**DESCRIPTION OF THE TASK:**
Repeat each line of the material below exactly as it appears, minus any pictures.

**RECORDS TO PROCESS:**
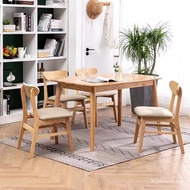 Solid Wood Desk Chair for Adults, Nordic Style, Suitable for Milk Tea Shops, Simple and Casual with 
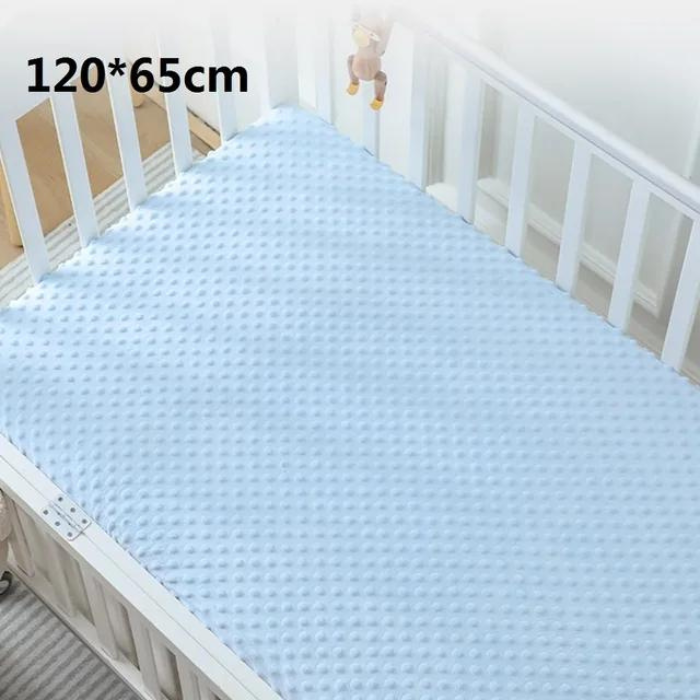 Deluxe 3D Dot Velvet Crib Sheet Set - Thickened Warmth and Protection for Winter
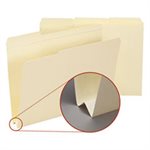 Heavyweight File Folders, 1 / 3 Tab, 1 1 / 2 Inch Expansion Letter, Manila, 50 / Box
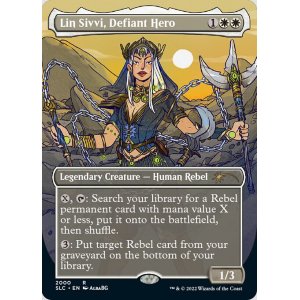 画像: 【ENG/SLC/FOIL★】果敢な勇士リン・シヴィー/Lin Sivvi, Defiant Hero【Secret Lair】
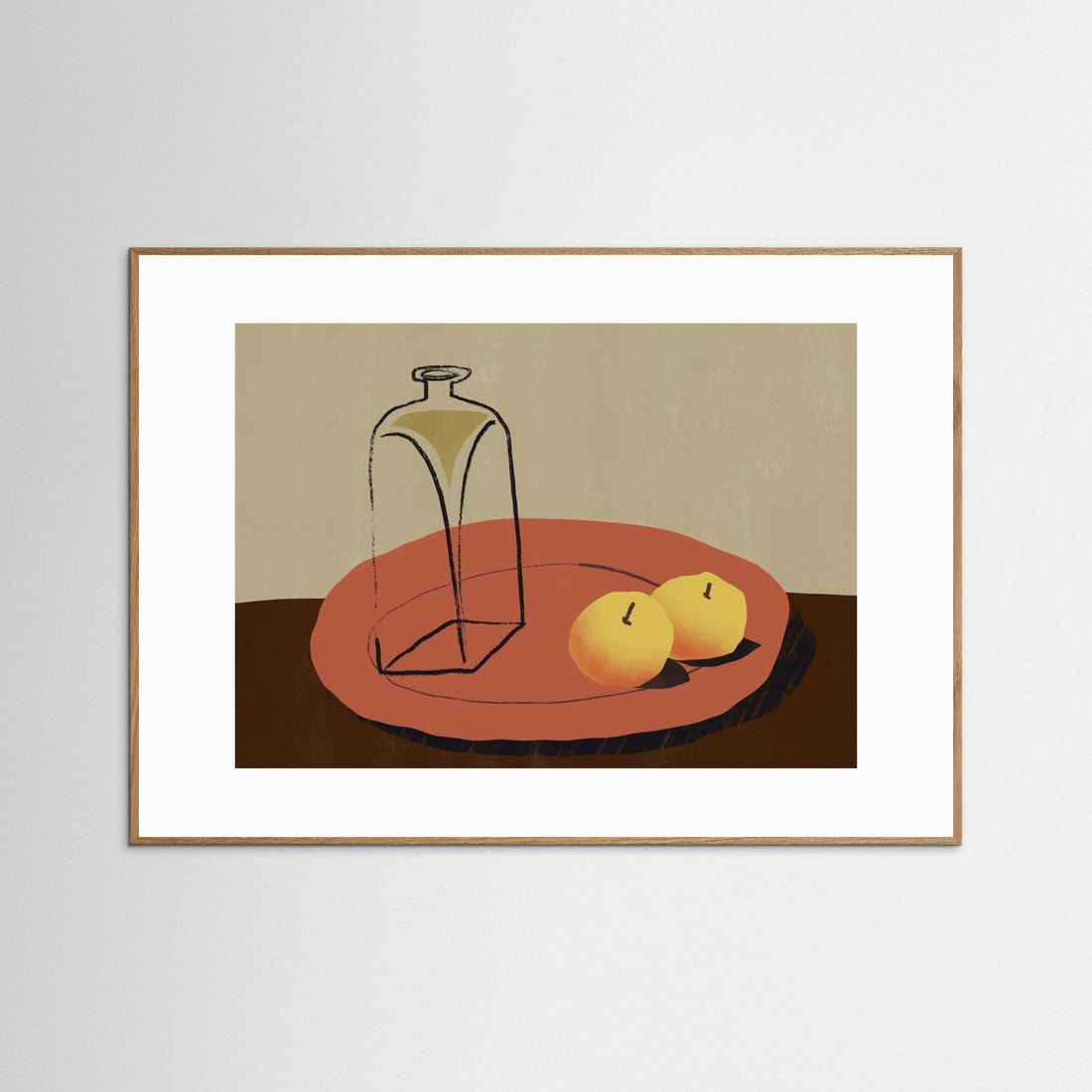 Jar and apple by Little Dean
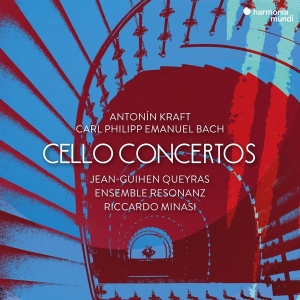 Jean-Guihen Queyras & Ensemble Resonanz & Riccardo Minasi - Antonin Kraft/Carl Philipp Emanuel Bach: Cello Concertos in der Gruppe CD bei Bengans Skivbutik AB (5557568)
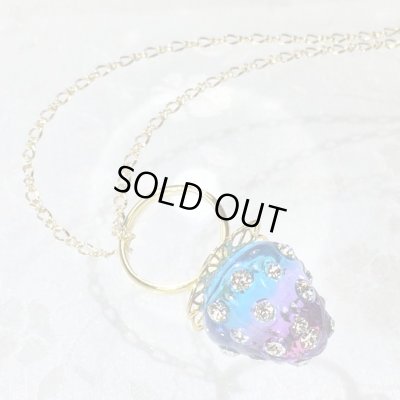 [苺/イチゴ] ストロベリー グラスネックレス｜Maho de Maho（マホドゥマホ）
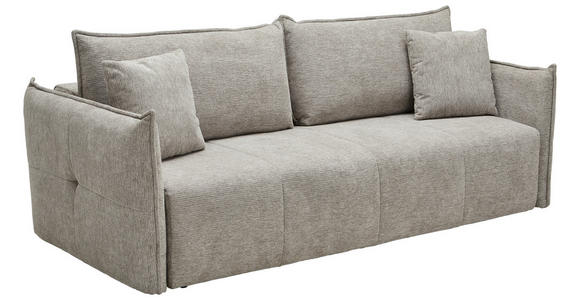 SCHLAFSOFA  in Webstoff Taupe  - Taupe/Schwarz, KONVENTIONELL, Kunststoff/Textil (224/90/107cm) - Carryhome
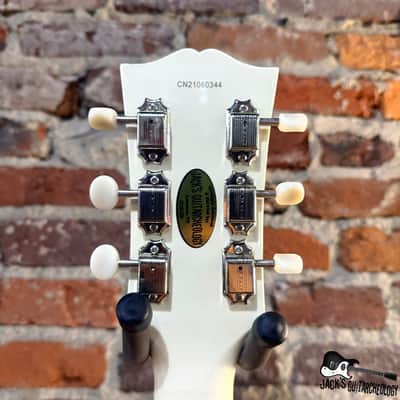 Tokai Double Horn Junior Electric Guitar w/ GB & "Kitchen Sink" UPGRADES (2021 - White) image 12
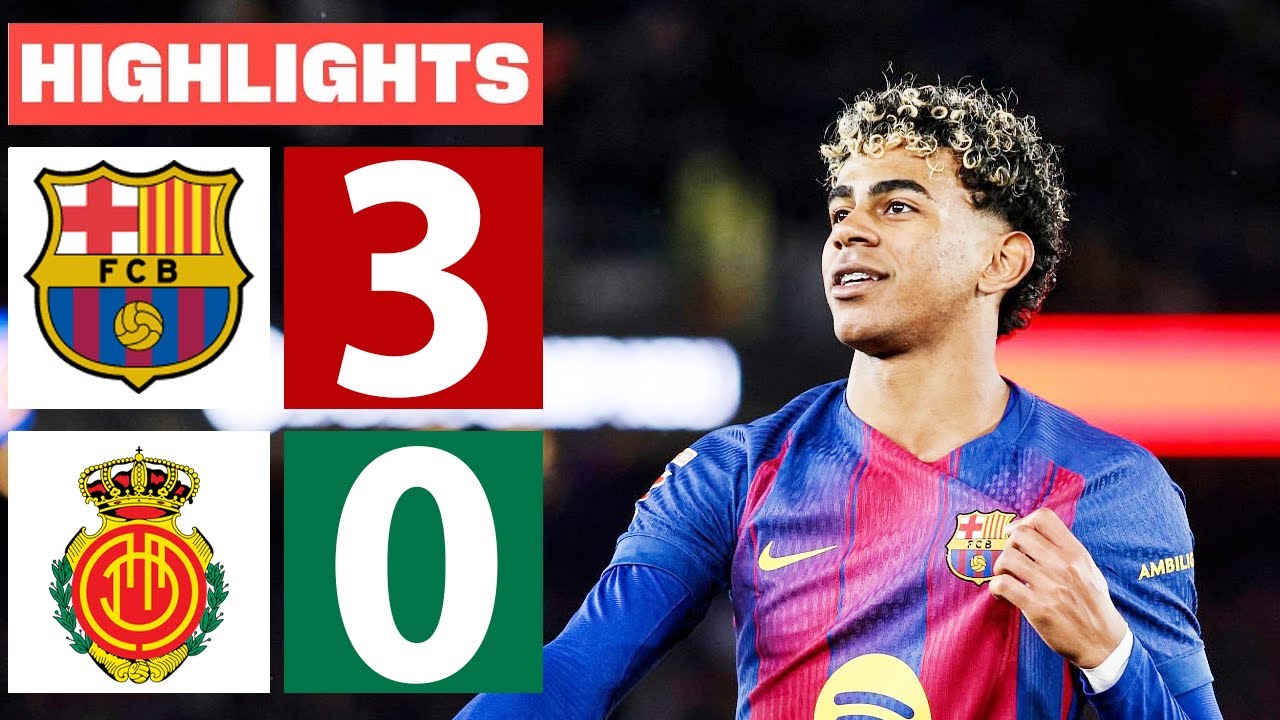 Barcelona vs Mallorca 2-0 Highlights & All Goals 2026 HD 🔥 Lamine Yamal Goal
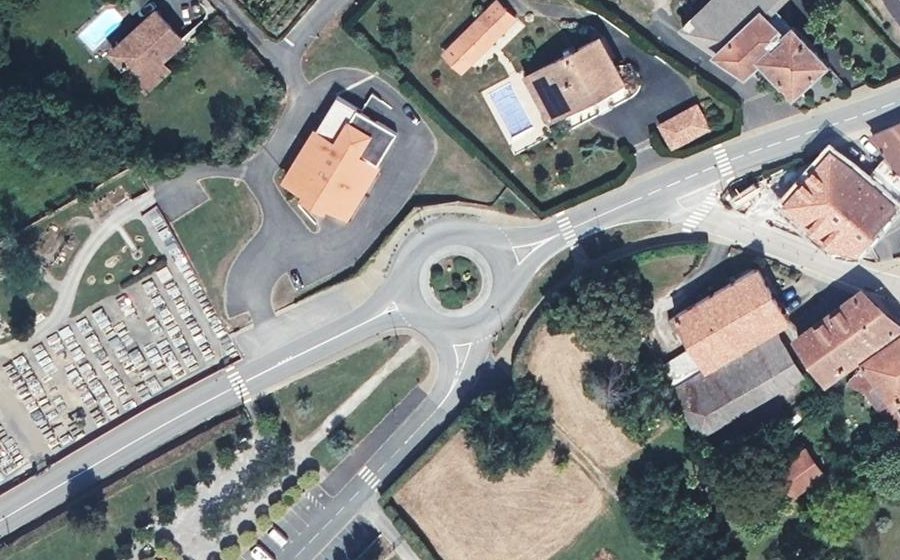 Vue aérienne du Route de Bayonne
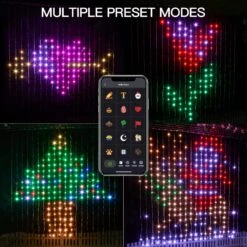 GENERIC OnO Christmas Decorations Led Curtain Lights - 2022 Upgrade - 6.6x6.6ft - 400 LED Twinkle Fairy String Light For Bedroom - APP Remote Control RGB Color And DIY Changing Backdrop Light For Home Decor -Xmas Lighting Shop 81lHEiVg7jL. AC SL1500
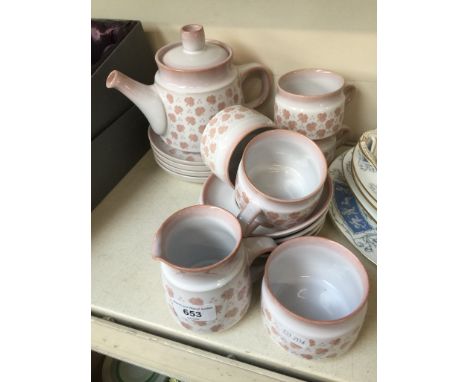 Denby Falling Leaves tea set including teapot - 15 pieces 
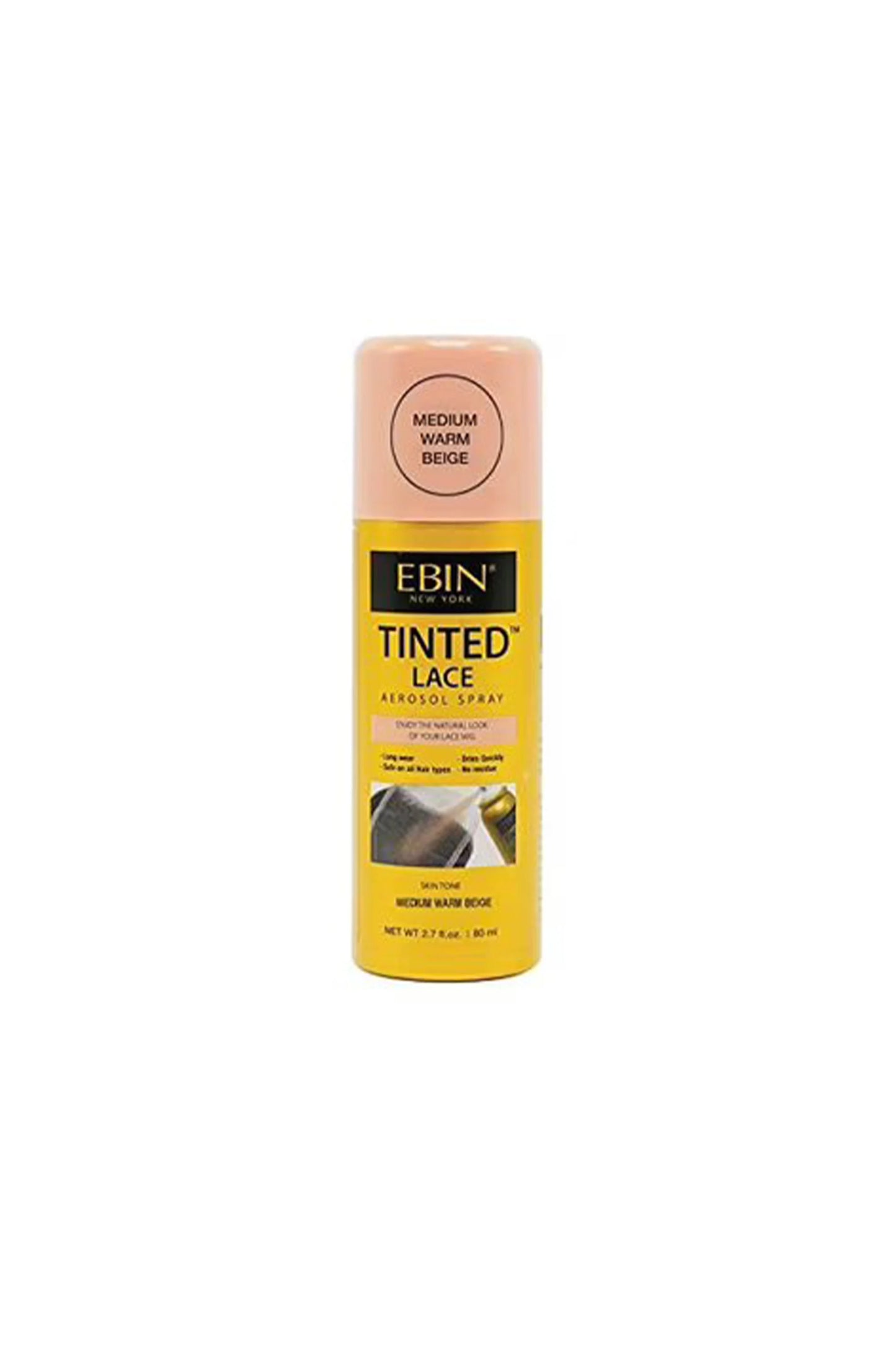 Ebin Tinted Lace Spray Medium Warm Beige 80ml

**WRITTEN ANSWER:**
 Solid Wood Desk Chair for Adults, Nordic Style, Suitable for Milk Tea Shops, Simple and Casual with 
 Deluxe 3D Dot Velvet Crib Sheet Set - Thickened Warmth and Protection for Winter
 Heavyweight File Folders, 1 / 3 Tab, 1 1 / 2 Inch Expansion Letter, Manila, 50 / Box
 画像: 【ENG/SLC/FOIL★】果敢な勇士リン・シヴィー/Lin Sivvi, Defiant Hero【Secret Lair】
 Jar and apple by Little Dean
 Jean-Guihen Queyras & Ensemble Resonanz & Riccardo Minasi - Antonin Kraft/Carl Philipp Emanuel Bach: Cello Concertos in der Gruppe CD bei Bengans Skivbutik AB (5557568)
 [苺/イチゴ] ストロベリー グラスネックレス｜Maho de Maho（マホドゥマホ）
 SCHLAFSOFA  in Webstoff Taupe  - Taupe/Schwarz, KONVENTIONELL, Kunststoff/Textil (224/90/107cm) - Carryhome
 Tokai Double Horn Junior Electric Guitar w/ GB & "Kitchen Sink" UPGRADES (2021 - White) image 12
 Barcelona vs Mallorca 2-0 Highlights & All Goals 2026 HD 🔥 Lamine Yamal Goal
 Vue aérienne du Route de Bayonne
 GENERIC OnO Christmas Decorations Led Curtain Lights - 2022 Upgrade - 6.6x6.6ft - 400 LED Twinkle Fairy String Light For Bedroom - APP Remote Control RGB Color And DIY Changing Backdrop Light For Home Decor -Xmas Lighting Shop 81lHEiVg7jL. AC SL1500
 Denby Falling Leaves tea set including teapot - 15 pieces 
 Ebin Tinted Lace Spray Medium Warm Beige 80ml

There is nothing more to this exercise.